Варнум многозначительно откашлялся. Пока я блуждал в воспоминаниях его пращура, потомку не терпелось поделиться какой-то идеей.
– Вы, должно быть, весь вечер гадаете, с чего это я вас пригласил, – начал он. – Это… этот феномен, как вы его называете, начинает мне досаждать. За лагерями, между Пенаубскетом и болотами, есть места с превосходными соснами, и я хочу этот лес за любую цену.
– Это если вы сумеете загнать туда своих рабочих, – заметил я. – Сдается мне, кишка у них тонковата.
Варнум сделал хороший глоток бурбона.
– Вот именно! Пока у этих зверюшек, что плывут вниз по реке, нет никакого объяснения, мои ребята будут нервные, как бык в сезон мошки, и в лес их действительно не загонишь. Мы знаем, что животные утонули. Ветеринар обследовал несколько трупов: это определенно не болезнь; шкура у всех цела; шерсть без подпалин, значит, пожара не было – одна только вода в легких. Вопрос в том, какого дьявола они все попрыгали в Пенаубскет?

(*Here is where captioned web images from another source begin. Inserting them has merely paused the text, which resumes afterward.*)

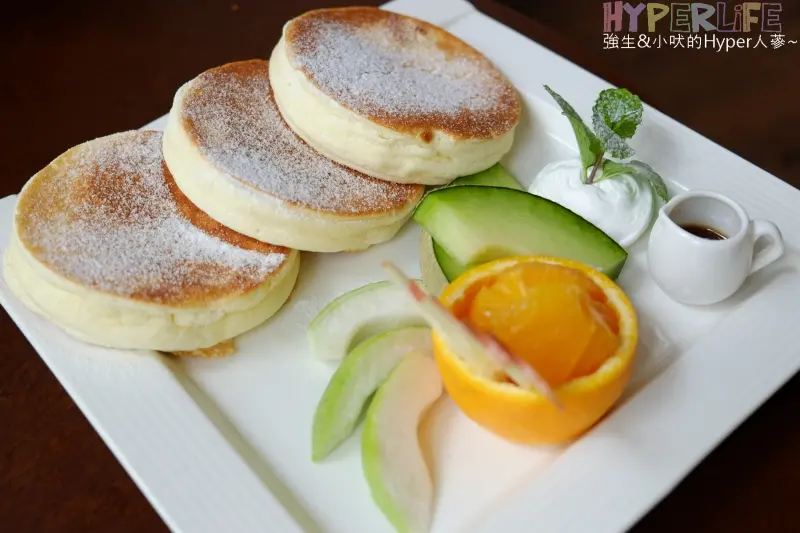 「台中西區」有綿密厚鬆餅的手作輕食料理 - 小豚輕食
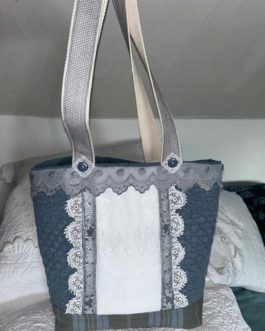 Petit sac, matelassé bleu monogramme SM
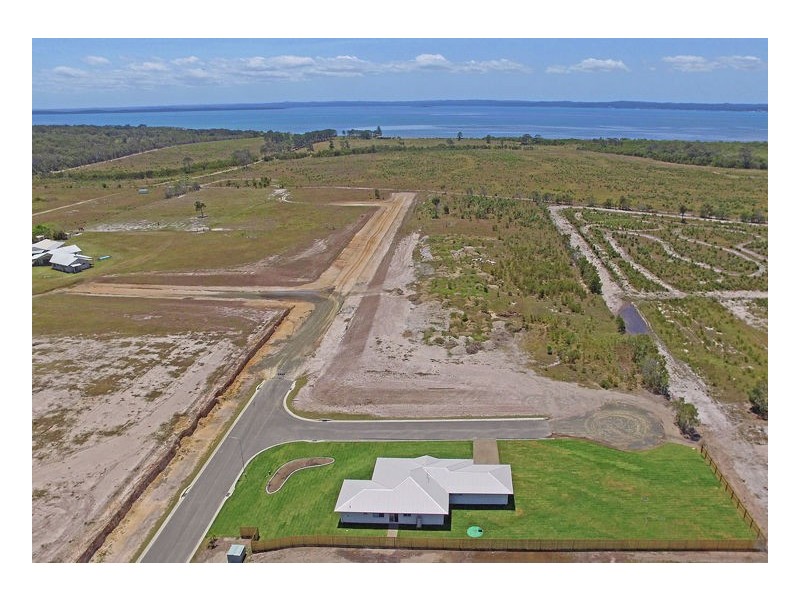 12 Mahalo Road, Booral QLD 4655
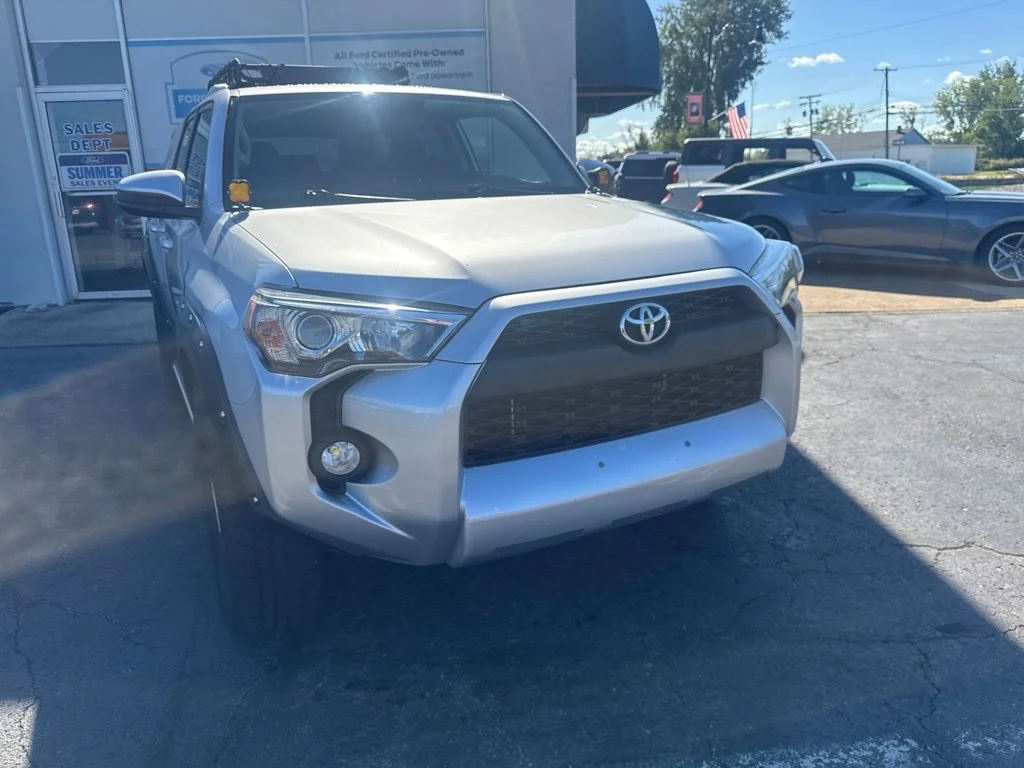 Certified Used 2018 Classic Silver Metallic Toyota SR5 image 53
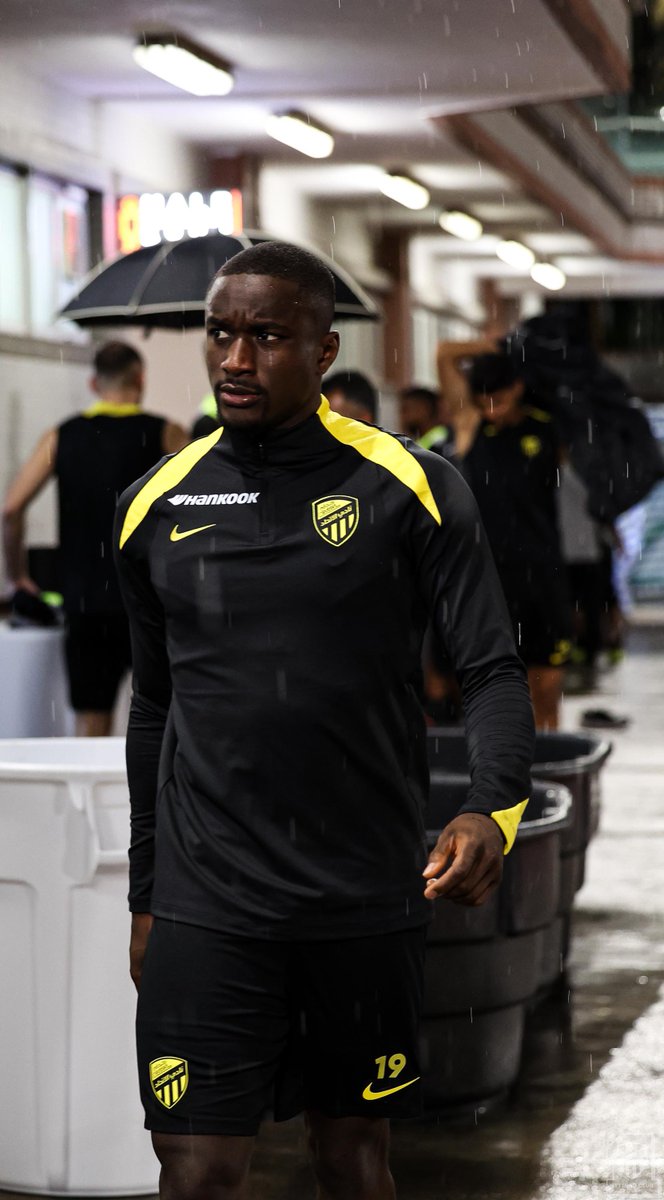 ittihad's tweet photo. 🤨💛 https://t.co/v7sna32Cil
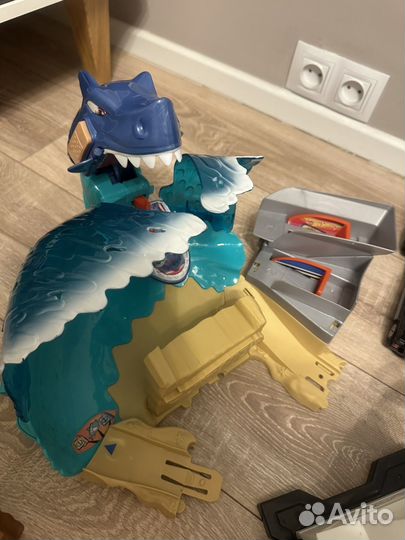 Трасса хот вилс акула и пусковая установка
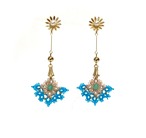 【揺れる扇のような】アマゾナイトのタティングレースピアス-水色-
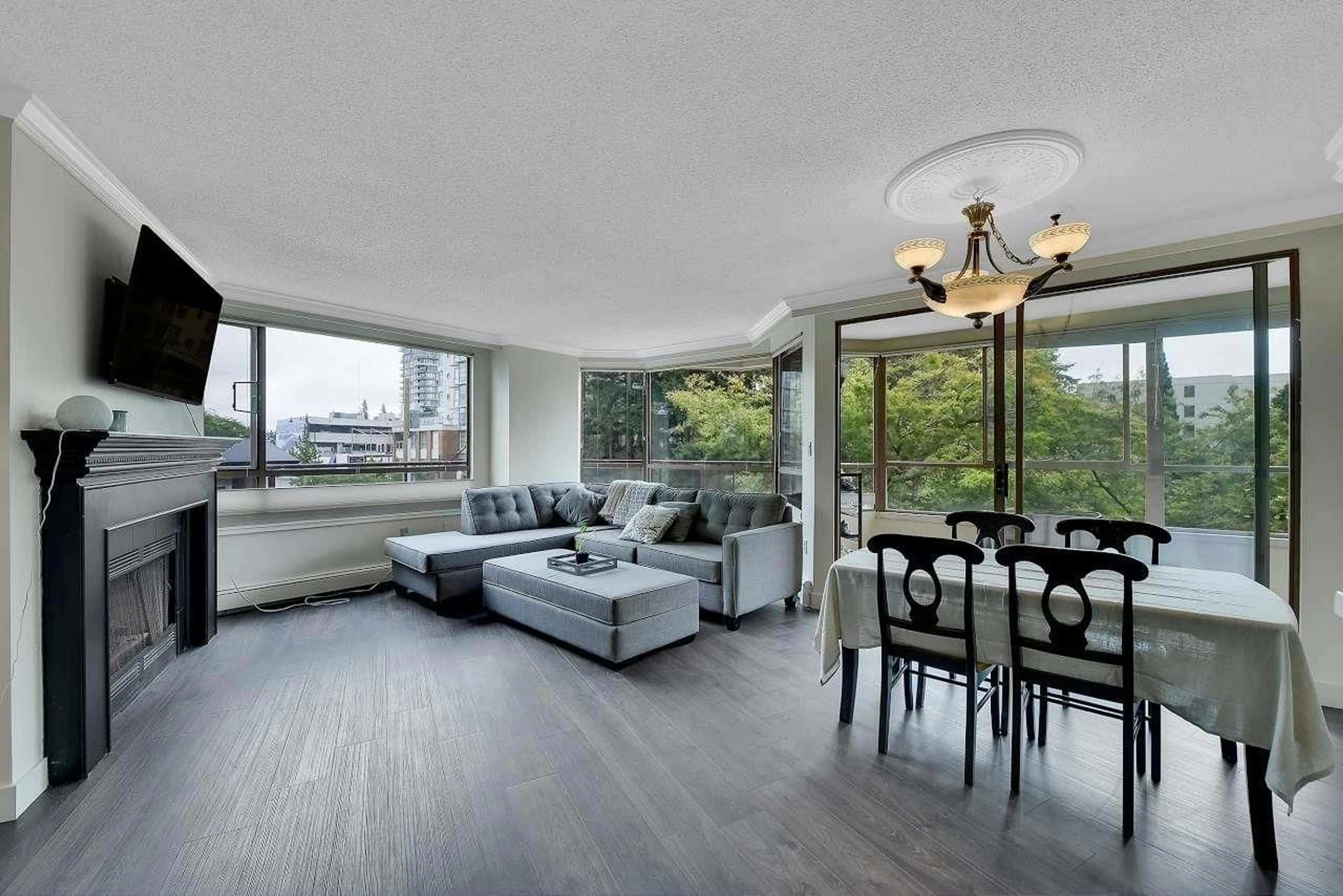 Living room with furniture, wood/laminate floor for 309 - 15111 RUSSELL AVENUE, White Rock British Columbia V4B2P4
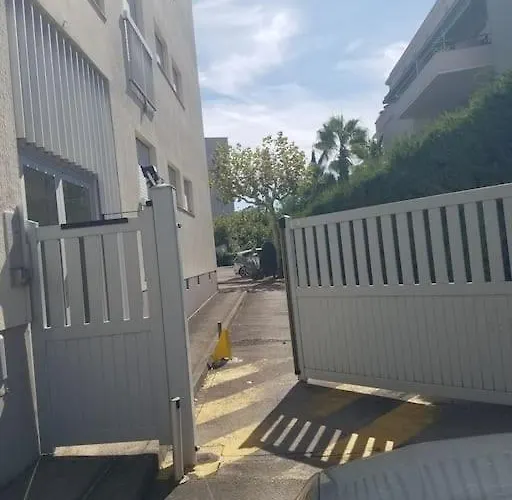 Διαμέρισμα Lumineux Avec Parking Prive Saint-Raphaël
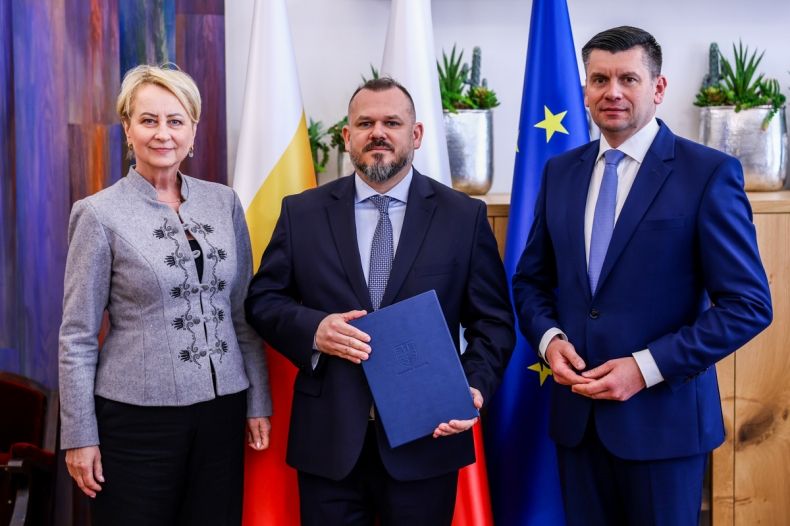 Pamiątkowa fotografia. Marszałek Łukasz Smółka, Iwona Gibas z Zarządu Województwa Małopolskiego oraz Mateusz Prendota, dyrektor Filharmonii im. Karola Szymanowskiego w Krakowie 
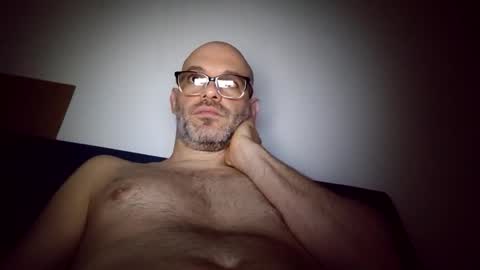 Snapshot of elgrande85 chatting on 13, 3, 2026 elgrande85 online show from 13, 3, 2026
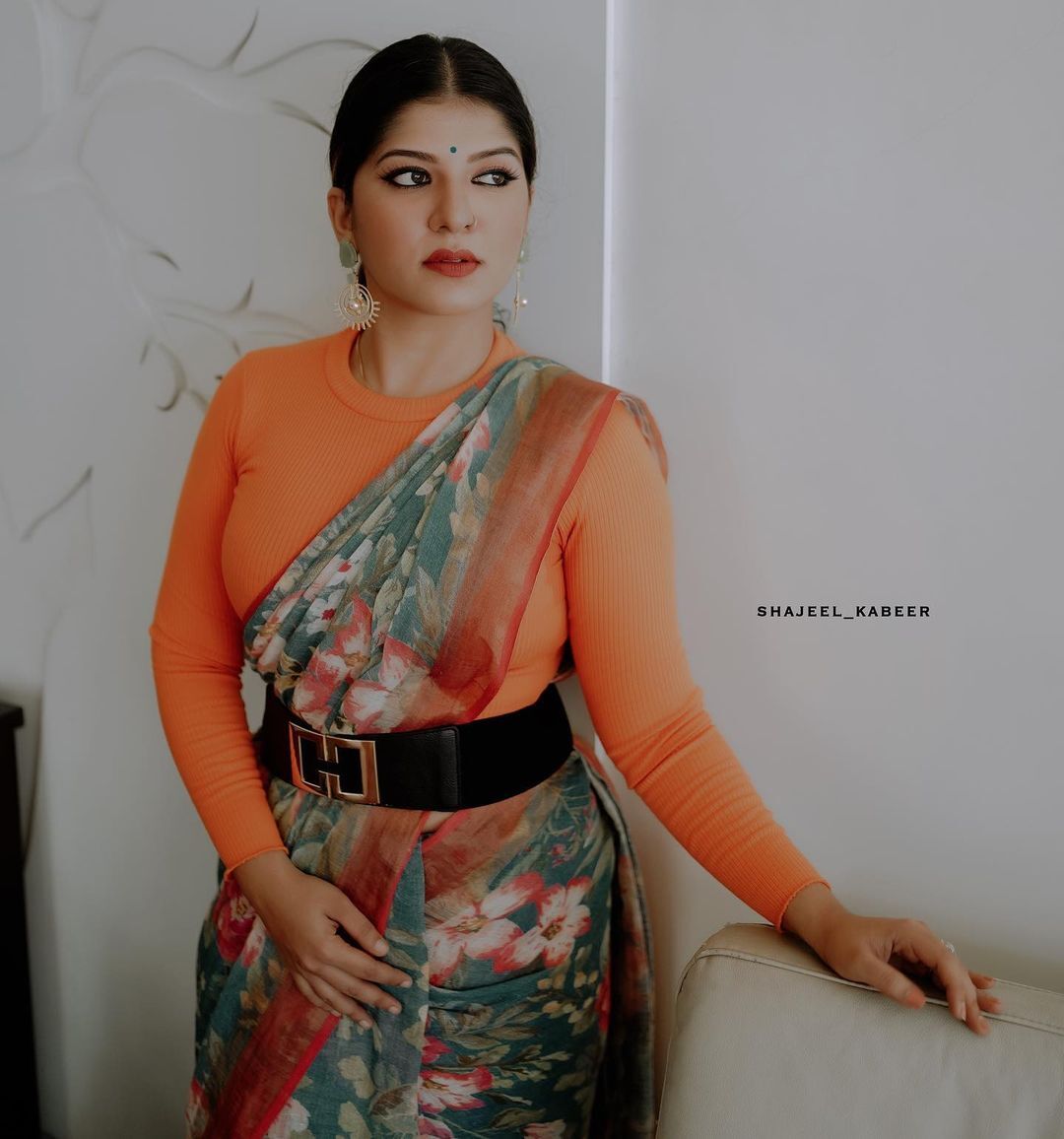 മുടിയന്‍ ചേട്ടന്റെ പൂജയല്ലേ ഇത്; അശ്വതിയുടെ കിടിലന്‍ ചിത്രങ്ങള്‍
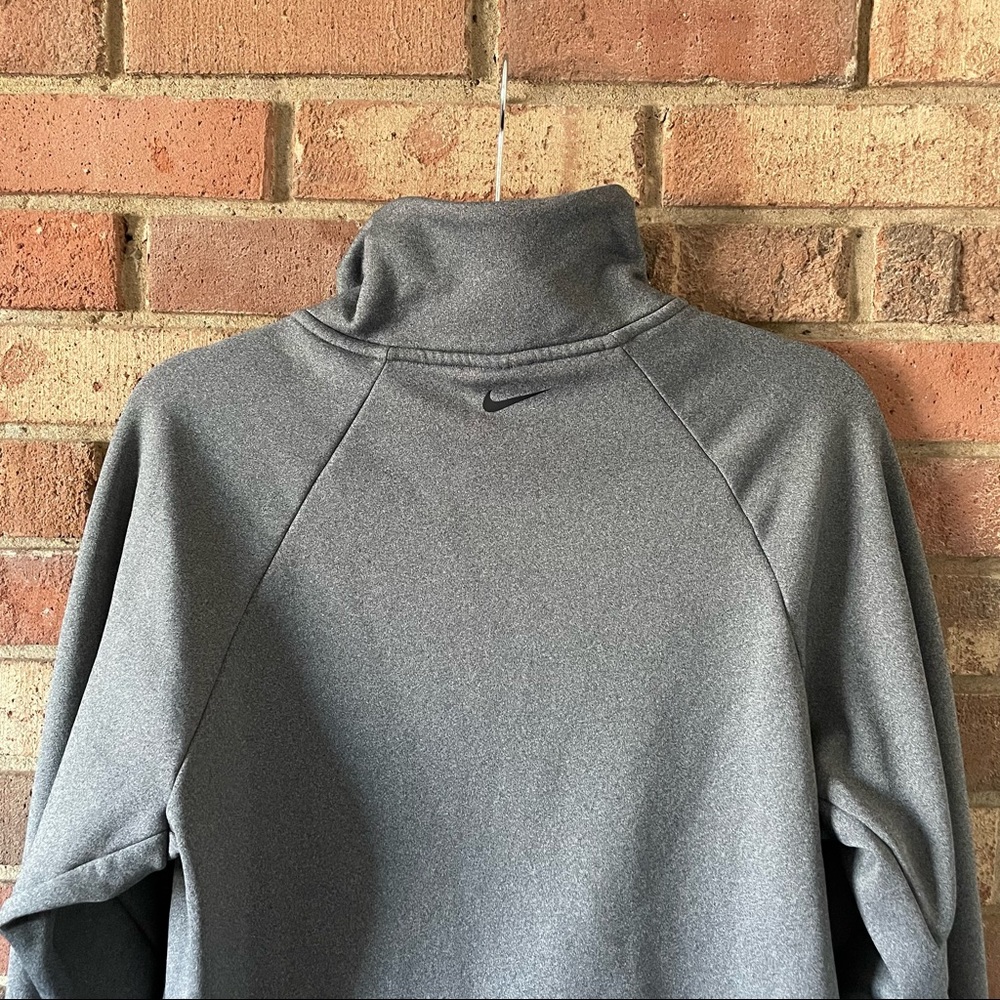 Nike Quarter Zip - Picture 4 of 6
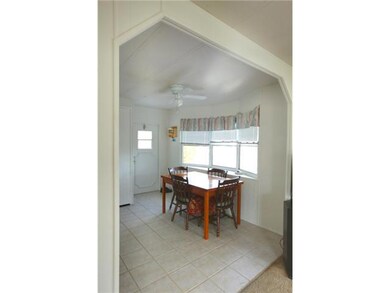 919 Hawthorn Cir, Sebastian, FL 32976 - photo 4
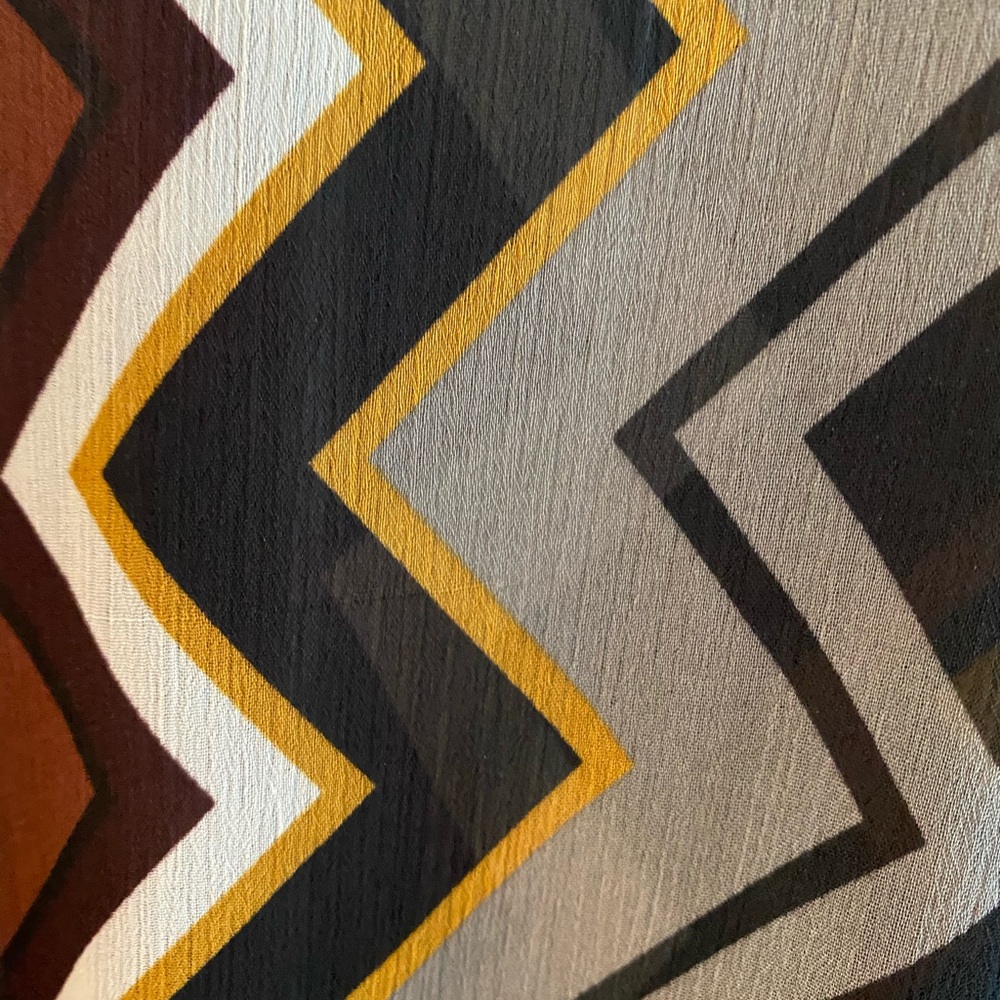 Zig Zag Pattern Sheer Blouse - image 4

– Возможно, их туда загнали, – предположил я.
– Кто?
– Всадник без головы? – Я отхлебнул куантро.
Варнуму оттенок юмора в моем голосе оказался недоступен.
– Ну, слушайте, вы-то сами ведь не суеверны, правда?
– Это была шутка, – заверил я его.
– А! Короче, какова бы ни была причина, я не позволю, чтобы моих ребят беспокоили какие-то там блуждающие огоньки и мокрые белки. Я пойду туда вместе с вами! Вы когда отправляетесь?
Я так и вскипел от этой манеры констатировать, что у меня, дескать появилась компания, но виду постарался не подать. Еще не хватало, чтобы мои эмоции отражались на лице! По крайней мере, это все равно лучше, чем лезть в леса в одиночку.
– Планирую выходить послезавтра, – сказал я довольно холодно. – А завтра пойду найму лошадей на конюшне.
– Вот и ладненько, увидимся послезавтра, – заявил Варнум, подымаясь из-за стола.
Судя по всему, прием был окончен – хотя не пробило еще и десяти. Никакого обмена любезностями на крыльце не последовало – хозяин буркнул: «Спокойной ночи!», – и этим ограничился. Будто лакея отпускал, ей-богу.
Едучи в фургоне обратно в трактир, я продолжал кипеть. Надо же, какие все-таки скверные у него манеры! Ради проводника к месту раскопок мне придется терпеть его компанию, и самой приятной из моих экспедиций эти две недели явно не станут. В качестве утешения я погладил маленькую куантро, которую под шумок сунул в карман пальто. «Зачем переводить добро на такую лишенную вкуса дубину!» – подумал я и расхохотался. Первые лягушки дружно ответили мне с болот, где над зимними рогозами висел, словно пророчество, бледный голубоватый блуждающий огонек.